#### What you need to do:
This exercise calls for the line with "C 2149 Selo", the line with "João Lourenço durante", and all lines between them in the material below, output exactly and with no other lines.

#### Supplied material:
-=-=-
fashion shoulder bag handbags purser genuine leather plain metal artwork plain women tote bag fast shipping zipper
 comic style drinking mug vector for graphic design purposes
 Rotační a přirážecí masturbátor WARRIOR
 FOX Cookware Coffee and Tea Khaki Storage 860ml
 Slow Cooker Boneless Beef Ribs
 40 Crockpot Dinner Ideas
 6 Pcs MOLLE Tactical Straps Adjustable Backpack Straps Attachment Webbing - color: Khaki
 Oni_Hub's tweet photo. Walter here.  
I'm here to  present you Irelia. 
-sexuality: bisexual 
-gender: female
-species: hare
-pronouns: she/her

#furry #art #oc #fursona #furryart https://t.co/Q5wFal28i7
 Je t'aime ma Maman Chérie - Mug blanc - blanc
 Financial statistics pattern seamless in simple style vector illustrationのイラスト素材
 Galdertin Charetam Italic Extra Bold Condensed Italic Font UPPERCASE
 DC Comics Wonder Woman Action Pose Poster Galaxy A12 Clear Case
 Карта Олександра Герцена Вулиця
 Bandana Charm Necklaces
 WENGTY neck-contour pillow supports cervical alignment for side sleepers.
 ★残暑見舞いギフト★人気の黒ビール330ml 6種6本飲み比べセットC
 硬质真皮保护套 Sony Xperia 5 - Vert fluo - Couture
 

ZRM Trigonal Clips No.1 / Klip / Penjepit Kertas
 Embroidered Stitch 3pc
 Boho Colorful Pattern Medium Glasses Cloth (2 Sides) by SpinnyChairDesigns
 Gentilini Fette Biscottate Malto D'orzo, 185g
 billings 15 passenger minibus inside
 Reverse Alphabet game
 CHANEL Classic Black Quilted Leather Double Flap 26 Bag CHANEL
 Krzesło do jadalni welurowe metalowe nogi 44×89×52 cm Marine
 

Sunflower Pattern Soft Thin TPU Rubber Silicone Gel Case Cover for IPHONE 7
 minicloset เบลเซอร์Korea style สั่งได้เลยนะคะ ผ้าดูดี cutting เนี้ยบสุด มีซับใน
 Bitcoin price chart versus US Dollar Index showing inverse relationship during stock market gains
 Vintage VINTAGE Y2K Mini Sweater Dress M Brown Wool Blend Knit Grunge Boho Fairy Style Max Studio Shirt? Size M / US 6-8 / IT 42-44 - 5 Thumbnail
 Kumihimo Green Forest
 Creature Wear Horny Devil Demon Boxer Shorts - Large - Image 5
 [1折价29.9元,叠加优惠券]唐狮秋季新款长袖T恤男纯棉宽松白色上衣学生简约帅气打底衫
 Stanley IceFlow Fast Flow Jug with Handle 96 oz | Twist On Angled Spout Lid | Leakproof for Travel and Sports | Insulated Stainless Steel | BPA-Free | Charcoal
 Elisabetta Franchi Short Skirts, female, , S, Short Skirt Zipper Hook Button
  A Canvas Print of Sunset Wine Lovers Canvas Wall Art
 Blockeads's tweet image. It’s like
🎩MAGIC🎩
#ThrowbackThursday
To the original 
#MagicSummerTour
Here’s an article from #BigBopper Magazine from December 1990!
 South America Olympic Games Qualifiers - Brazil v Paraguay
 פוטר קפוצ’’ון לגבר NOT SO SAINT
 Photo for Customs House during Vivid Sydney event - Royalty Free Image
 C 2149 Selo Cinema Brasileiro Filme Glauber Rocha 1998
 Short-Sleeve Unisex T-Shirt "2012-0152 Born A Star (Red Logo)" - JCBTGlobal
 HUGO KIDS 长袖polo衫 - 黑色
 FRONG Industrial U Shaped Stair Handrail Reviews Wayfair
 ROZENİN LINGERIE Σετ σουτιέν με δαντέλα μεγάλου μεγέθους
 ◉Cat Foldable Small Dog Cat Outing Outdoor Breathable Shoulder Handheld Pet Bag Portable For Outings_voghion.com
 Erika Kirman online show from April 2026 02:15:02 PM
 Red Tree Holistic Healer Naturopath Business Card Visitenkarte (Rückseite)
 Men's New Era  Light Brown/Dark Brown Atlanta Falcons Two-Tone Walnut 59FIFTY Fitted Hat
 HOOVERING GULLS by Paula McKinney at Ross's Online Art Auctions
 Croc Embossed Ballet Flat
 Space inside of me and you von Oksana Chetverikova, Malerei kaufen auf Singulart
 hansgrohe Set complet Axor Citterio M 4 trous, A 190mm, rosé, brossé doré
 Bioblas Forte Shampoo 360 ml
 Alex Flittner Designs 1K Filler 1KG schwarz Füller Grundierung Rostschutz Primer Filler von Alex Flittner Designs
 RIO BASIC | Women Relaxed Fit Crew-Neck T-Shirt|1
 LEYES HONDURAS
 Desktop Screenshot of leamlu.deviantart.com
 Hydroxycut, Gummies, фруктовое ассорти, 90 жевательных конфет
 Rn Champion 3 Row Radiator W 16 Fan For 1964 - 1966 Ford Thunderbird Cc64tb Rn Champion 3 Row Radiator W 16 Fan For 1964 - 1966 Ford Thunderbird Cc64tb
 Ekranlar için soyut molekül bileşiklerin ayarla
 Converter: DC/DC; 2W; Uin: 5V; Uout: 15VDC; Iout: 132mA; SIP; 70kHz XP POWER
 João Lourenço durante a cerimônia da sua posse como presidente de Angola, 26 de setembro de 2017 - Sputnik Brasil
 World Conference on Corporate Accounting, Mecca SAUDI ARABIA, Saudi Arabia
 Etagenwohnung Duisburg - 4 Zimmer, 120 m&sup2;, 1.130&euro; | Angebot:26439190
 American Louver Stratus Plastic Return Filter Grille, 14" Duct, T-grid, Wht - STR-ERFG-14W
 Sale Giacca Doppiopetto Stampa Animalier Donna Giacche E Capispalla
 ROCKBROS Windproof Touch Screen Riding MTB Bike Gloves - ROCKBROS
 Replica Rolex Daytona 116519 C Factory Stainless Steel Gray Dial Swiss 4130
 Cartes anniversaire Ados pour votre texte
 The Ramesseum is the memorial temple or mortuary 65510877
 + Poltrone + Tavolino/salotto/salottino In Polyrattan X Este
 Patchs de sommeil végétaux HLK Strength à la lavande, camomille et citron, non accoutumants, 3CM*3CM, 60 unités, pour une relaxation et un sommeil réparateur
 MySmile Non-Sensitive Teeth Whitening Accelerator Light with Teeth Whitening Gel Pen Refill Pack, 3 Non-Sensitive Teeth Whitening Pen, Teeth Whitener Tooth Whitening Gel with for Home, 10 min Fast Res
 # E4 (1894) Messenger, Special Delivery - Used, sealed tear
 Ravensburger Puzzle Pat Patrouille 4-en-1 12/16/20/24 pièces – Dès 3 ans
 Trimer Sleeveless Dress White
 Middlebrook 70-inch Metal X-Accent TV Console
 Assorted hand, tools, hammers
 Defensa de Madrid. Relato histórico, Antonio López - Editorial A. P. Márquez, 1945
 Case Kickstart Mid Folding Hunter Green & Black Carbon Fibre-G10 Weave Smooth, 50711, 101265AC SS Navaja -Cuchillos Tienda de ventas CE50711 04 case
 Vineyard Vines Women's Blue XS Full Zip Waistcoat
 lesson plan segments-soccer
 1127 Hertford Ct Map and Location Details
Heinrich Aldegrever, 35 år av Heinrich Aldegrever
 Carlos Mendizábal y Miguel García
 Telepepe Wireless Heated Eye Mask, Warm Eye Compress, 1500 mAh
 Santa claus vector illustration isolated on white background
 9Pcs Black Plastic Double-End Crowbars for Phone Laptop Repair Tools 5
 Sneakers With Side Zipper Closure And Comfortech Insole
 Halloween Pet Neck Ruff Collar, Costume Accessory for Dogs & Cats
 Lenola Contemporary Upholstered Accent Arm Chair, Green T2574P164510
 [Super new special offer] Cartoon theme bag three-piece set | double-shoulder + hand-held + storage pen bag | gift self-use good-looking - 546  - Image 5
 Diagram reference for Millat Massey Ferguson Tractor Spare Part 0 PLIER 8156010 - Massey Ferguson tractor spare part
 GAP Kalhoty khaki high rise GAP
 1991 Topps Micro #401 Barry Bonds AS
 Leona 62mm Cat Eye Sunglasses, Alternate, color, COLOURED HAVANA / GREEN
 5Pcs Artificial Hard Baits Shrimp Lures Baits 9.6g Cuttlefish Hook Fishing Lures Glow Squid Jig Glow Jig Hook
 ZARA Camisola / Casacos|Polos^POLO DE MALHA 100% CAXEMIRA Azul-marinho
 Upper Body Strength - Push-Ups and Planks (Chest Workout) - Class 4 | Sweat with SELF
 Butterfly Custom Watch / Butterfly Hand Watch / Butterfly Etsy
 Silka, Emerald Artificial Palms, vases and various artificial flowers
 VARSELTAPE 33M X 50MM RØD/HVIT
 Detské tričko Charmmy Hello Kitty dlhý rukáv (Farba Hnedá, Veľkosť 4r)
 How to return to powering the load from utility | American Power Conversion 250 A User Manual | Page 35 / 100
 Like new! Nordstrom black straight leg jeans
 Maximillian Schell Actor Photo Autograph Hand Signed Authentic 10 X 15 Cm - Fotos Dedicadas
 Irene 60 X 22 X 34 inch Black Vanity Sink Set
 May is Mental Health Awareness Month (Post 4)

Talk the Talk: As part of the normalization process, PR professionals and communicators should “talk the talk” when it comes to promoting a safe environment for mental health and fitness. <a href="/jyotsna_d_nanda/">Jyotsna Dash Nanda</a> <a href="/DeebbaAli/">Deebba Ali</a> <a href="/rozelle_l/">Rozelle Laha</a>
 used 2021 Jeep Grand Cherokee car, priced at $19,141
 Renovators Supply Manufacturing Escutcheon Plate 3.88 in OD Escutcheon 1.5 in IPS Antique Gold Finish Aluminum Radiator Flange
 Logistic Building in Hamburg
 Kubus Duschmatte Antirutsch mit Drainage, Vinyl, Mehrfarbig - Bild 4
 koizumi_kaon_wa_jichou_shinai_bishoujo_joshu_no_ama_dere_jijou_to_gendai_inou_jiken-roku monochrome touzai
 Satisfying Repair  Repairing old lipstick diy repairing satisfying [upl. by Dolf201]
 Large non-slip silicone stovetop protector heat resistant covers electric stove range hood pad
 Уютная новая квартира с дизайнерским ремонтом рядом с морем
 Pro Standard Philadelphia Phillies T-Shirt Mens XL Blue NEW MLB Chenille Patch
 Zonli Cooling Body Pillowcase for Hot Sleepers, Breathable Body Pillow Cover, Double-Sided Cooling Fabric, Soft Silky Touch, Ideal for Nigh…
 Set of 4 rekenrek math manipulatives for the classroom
-=-=-
#### Exercise output:
 C 2149 Selo Cinema Brasileiro Filme Glauber Rocha 1998
 Short-Sleeve Unisex T-Shirt "2012-0152 Born A Star (Red Logo)" - JCBTGlobal
 HUGO KIDS 长袖polo衫 - 黑色
 FRONG Industrial U Shaped Stair Handrail Reviews Wayfair
 ROZENİN LINGERIE Σετ σουτιέν με δαντέλα μεγάλου μεγέθους
 ◉Cat Foldable Small Dog Cat Outing Outdoor Breathable Shoulder Handheld Pet Bag Portable For Outings_voghion.com
 Erika Kirman online show from April 2026 02:15:02 PM
 Red Tree Holistic Healer Naturopath Business Card Visitenkarte (Rückseite)
 Men's New Era  Light Brown/Dark Brown Atlanta Falcons Two-Tone Walnut 59FIFTY Fitted Hat
 HOOVERING GULLS by Paula McKinney at Ross's Online Art Auctions
 Croc Embossed Ballet Flat
 Space inside of me and you von Oksana Chetverikova, Malerei kaufen auf Singulart
 hansgrohe Set complet Axor Citterio M 4 trous, A 190mm, rosé, brossé doré
 Bioblas Forte Shampoo 360 ml
 Alex Flittner Designs 1K Filler 1KG schwarz Füller Grundierung Rostschutz Primer Filler von Alex Flittner Designs
 RIO BASIC | Women Relaxed Fit Crew-Neck T-Shirt|1
 LEYES HONDURAS
 Desktop Screenshot of leamlu.deviantart.com
 Hydroxycut, Gummies, фруктовое ассорти, 90 жевательных конфет
 Rn Champion 3 Row Radiator W 16 Fan For 1964 - 1966 Ford Thunderbird Cc64tb Rn Champion 3 Row Radiator W 16 Fan For 1964 - 1966 Ford Thunderbird Cc64tb
 Ekranlar için soyut molekül bileşiklerin ayarla
 Converter: DC/DC; 2W; Uin: 5V; Uout: 15VDC; Iout: 132mA; SIP; 70kHz XP POWER
 João Lourenço durante a cerimônia da sua posse como presidente de Angola, 26 de setembro de 2017 - Sputnik Brasil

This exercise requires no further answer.